My Month In Abu Dis: Mixed Beginnings

“Welcome to Israel”. The billboard that greets every excited passenger on disembarking the arriving flights into Ben Guirion airport. I can't help but think though, perhaps a more honest message would be appropriate. Maybe something like “get ready for your interrogation if you disagree with our government's actions”, for example. Although less catchy, and admittedly a bit confusing for a welcome sign, it would have people quite prepared for what I, and numerous other visitors to Israel and Palestine have had to experience. I take no pleasure in writing that I was detained for 5 hours. During this time I was subject to very harsh and strange questioning regarding events I still know nothing about, by a pair of security officers that I can safely say had perfected a bad cop, worse cop routine. A very unsettling highlight of the whole ordeal was when one of the officers gleefully discussed items from my notebook (used on a short visit last November, which was later taken from my luggage when leaving) and demanded an explanation. I was also threatened numerous times with deportation by the other officer unless I told her the 'truth' regarding the non existent, violent demonstrations that me and my friends were part of. .

Despite my travel plans being somewhat ruined by the staff at the airport, I made headway to my destination. Following my stressful arrival, I was so grateful for the warm welcome and help I received from ordinary Israelis and Palestinians. In contrast to the news reports regarding the increasing level of violence in the past months, I was struck by how relaxed and peaceful Tel Aiv, Jerusalem and the town was and ironically, felt more safe there than I ever have in Ben Guirion International, where there is what seems like a small army of security officers.
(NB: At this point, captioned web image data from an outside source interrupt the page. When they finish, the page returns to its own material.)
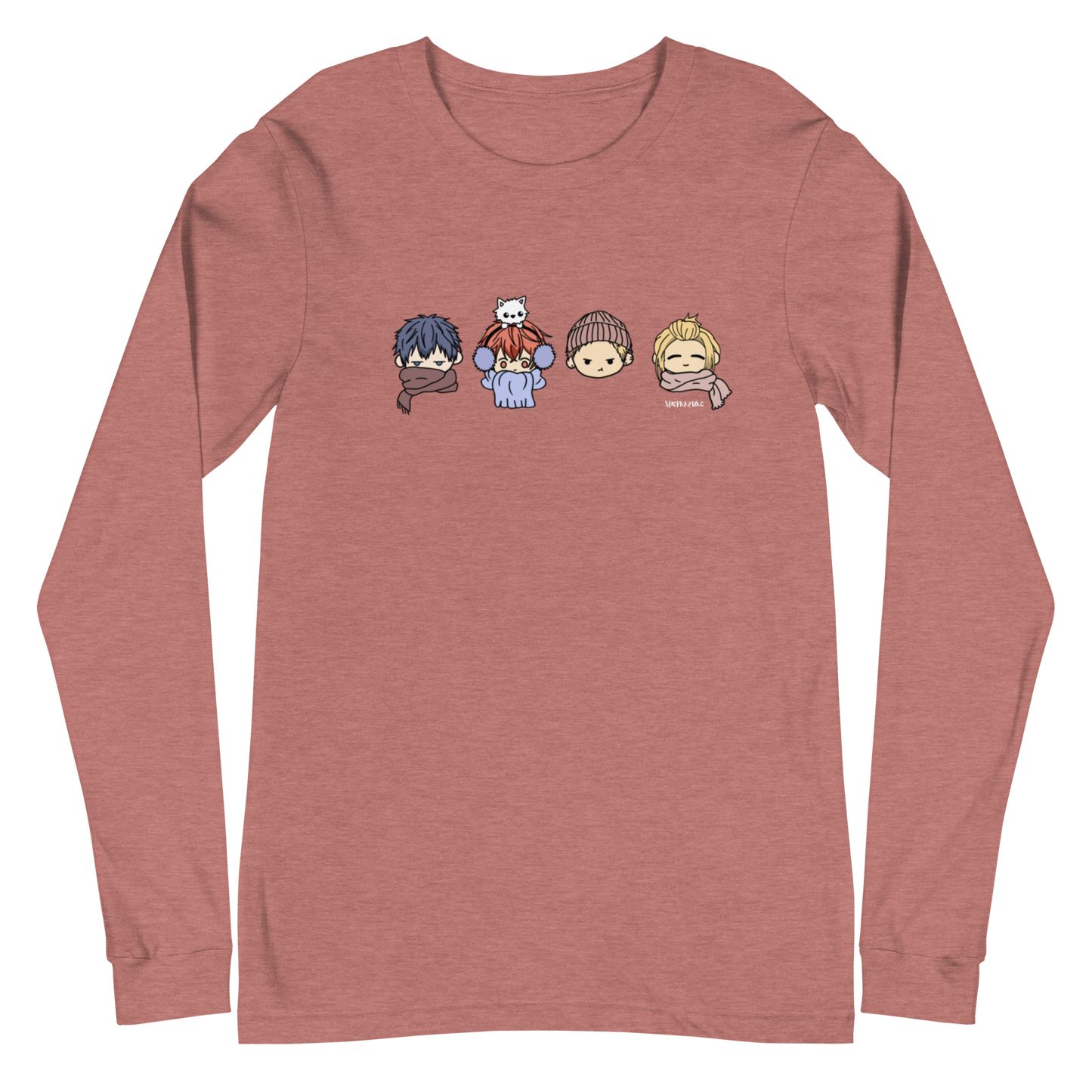 Boy Band Chibi Winter Long Sleeve Tee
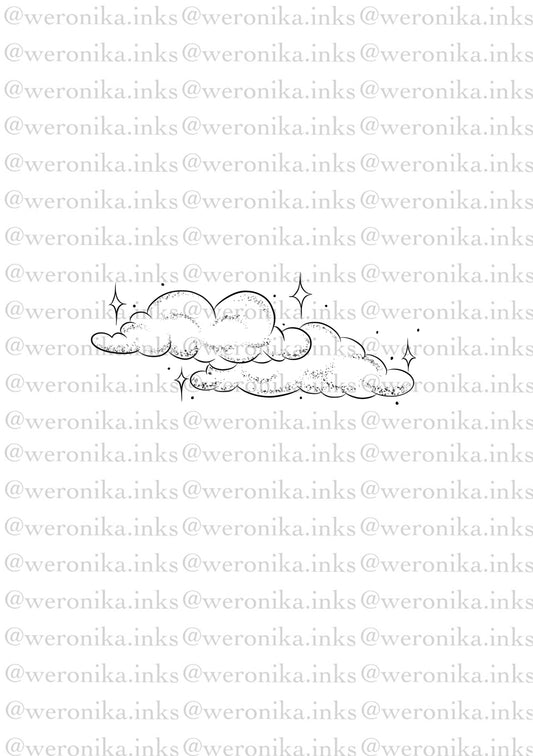Cloud Patchwork Tattoo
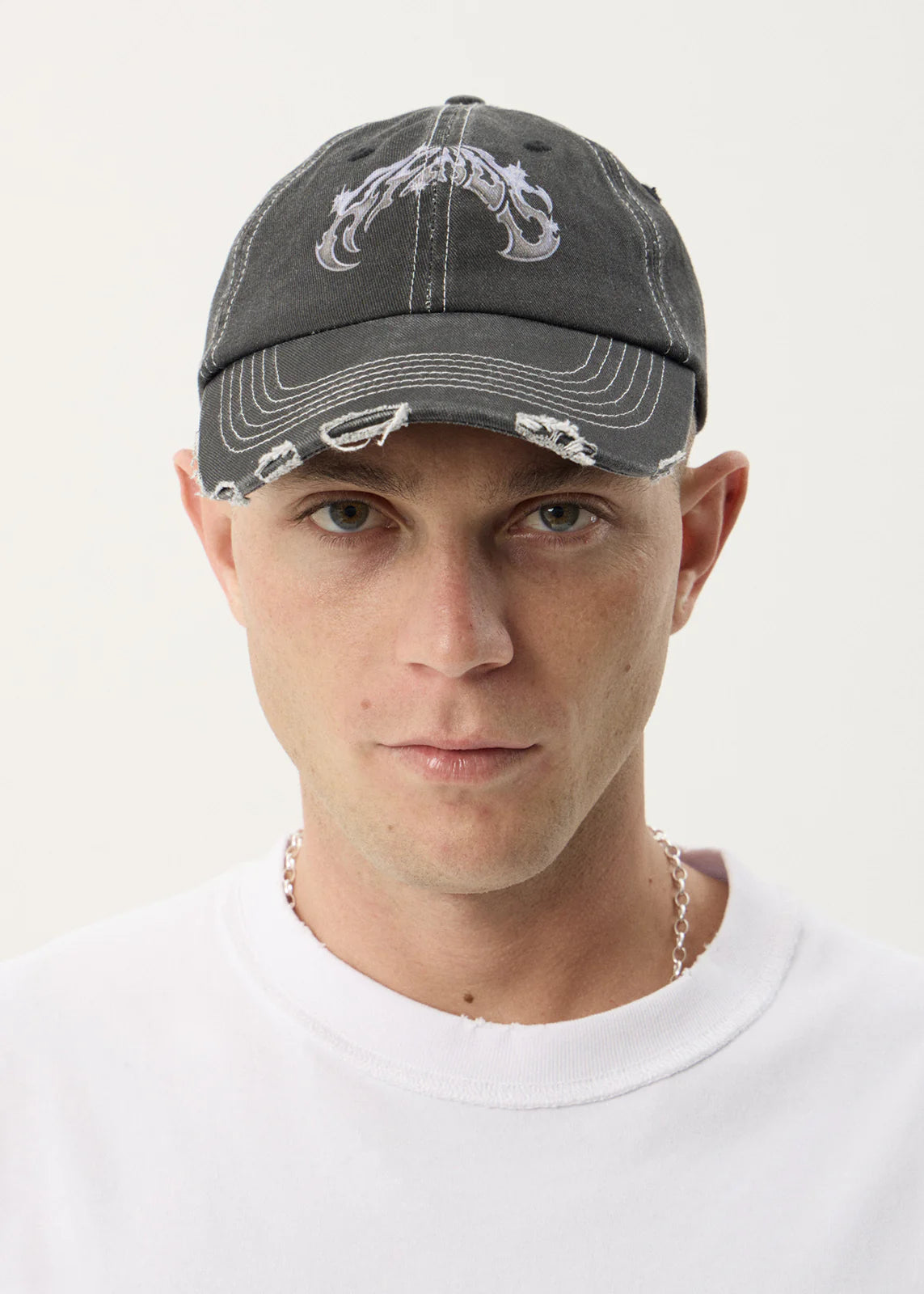 AFENDS Unisex Scorpius - Six Panel Cap - Stone Black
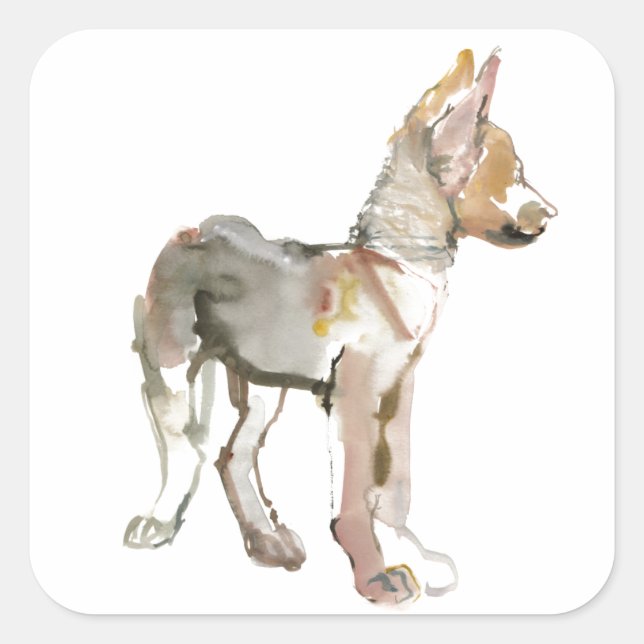 Waggle Square Sticker (Front)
As I write this now, sitting on the balcony of my accommodation in Abu Dis, perhaps the welcome sign at the airport can finally be appreciated.

Good morning from Abu Dis.

A quick pause for breakfast.

Friday 27 January 2017

My Month in Abu Dis: One Week Till Departure

After a long respite following our November visit, I will be once again, travelling to the West Bank, on what seems like a fast approaching date. In contrast to my time in Palestine before, this trip will see me working for CADFA as a volunteer for the first time, in Abu Dis. My duties will include continuing to write via blogs, as well as helping with visas, and teaching English conversation. It's also a personal thing for me to improve my embarrassingly basic Arabic. Naturally, I'm excited about this opportunity and can't wait to follow up on the eye opening visit in November, working and living amongst Palestinians.

The visit, which will last for just over a month, also comes at a hectic time in terms of world events, and their subsequent effect on the lives of ordinary people in Palestine. It's hard to ignore the backdrop of the potentially disastrous decisions and attitudes, in the wake of Donald Trump's inauguration for example, and it will be of crucial importance to focus on whether this will translate into more abuses against the Palestinians on the ground. I'm hoping to cover this during my month long visit, and focus on the everyday life aspect of the occupation.

I can only describe the feeling before my visit as anticipation blended with excitement. It will certainly be a challenge in the coming weeks, albeit one I'm looking forward too and am eager to begin. Even in the midst of sometimes intense political issues, I found in November, that Palestine can be a welcoming place with friendly people, and it's this that makes my upcoming challenge a lot less daunting. More updates to follow.

Taken On Our Last Visit: A Photo Of The Separation Wall, Situated Adjacent To Al-Quds University.